» Your task:
Write out the material below again, line for line, without any images.

» Source material:
════

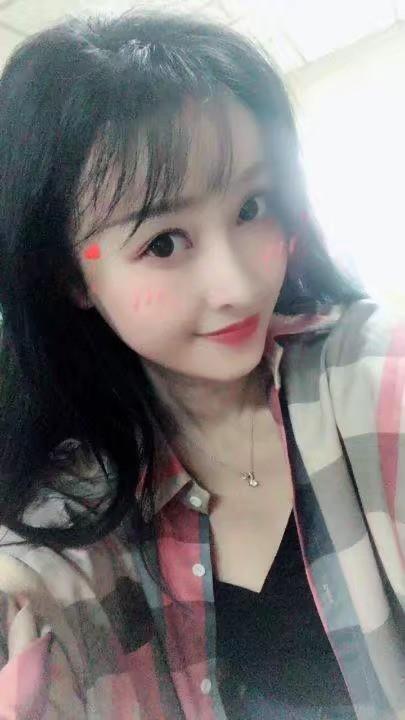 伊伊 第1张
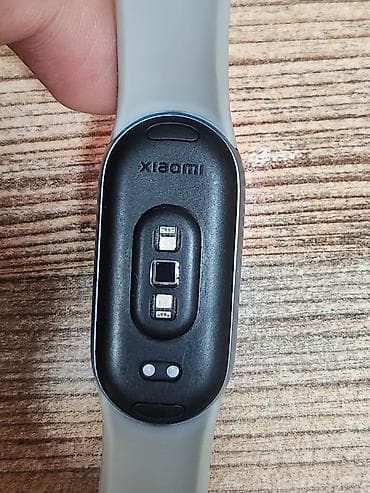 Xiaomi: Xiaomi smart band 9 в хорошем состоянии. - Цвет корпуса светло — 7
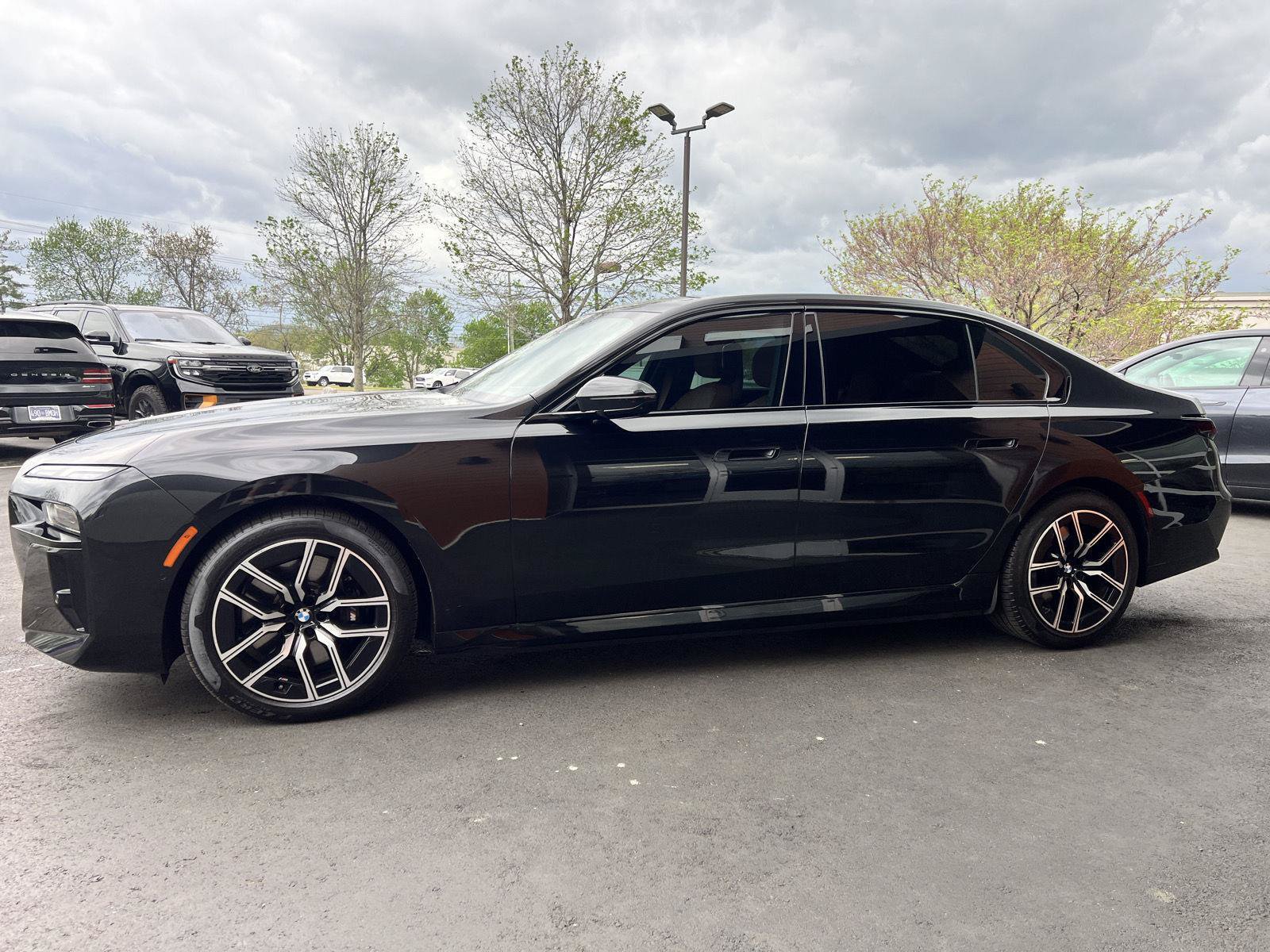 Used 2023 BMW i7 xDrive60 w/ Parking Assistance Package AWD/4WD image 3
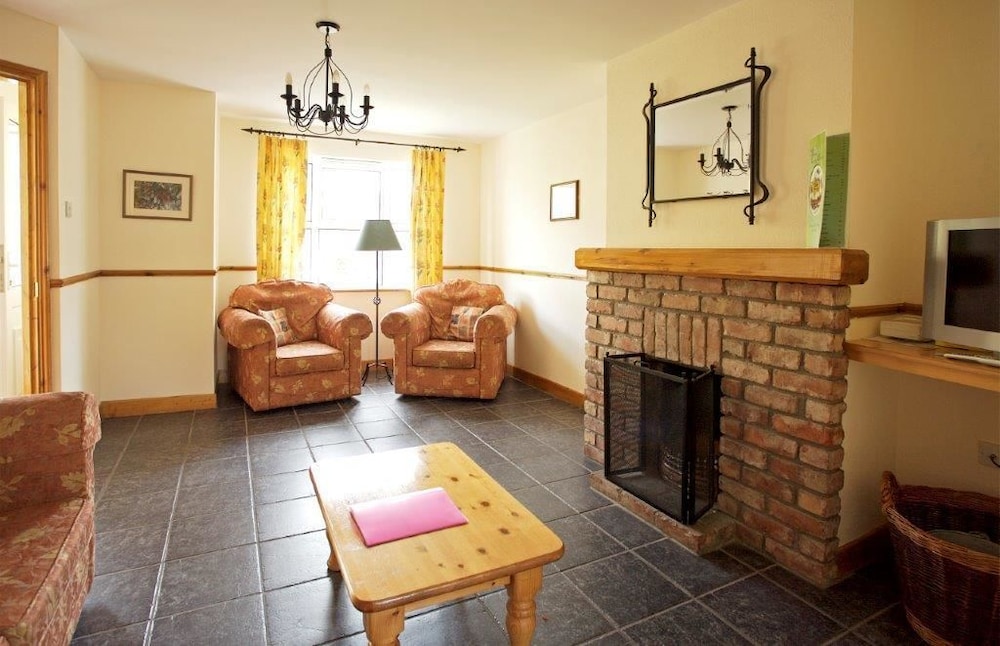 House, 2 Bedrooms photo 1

════

» Solution to this exercise:
 伊伊 第1张
 Xiaomi: Xiaomi smart band 9 в хорошем состоянии. - Цвет корпуса светло — 7
 Used 2023 BMW i7 xDrive60 w/ Parking Assistance Package AWD/4WD image 3
 House, 2 Bedrooms photo 1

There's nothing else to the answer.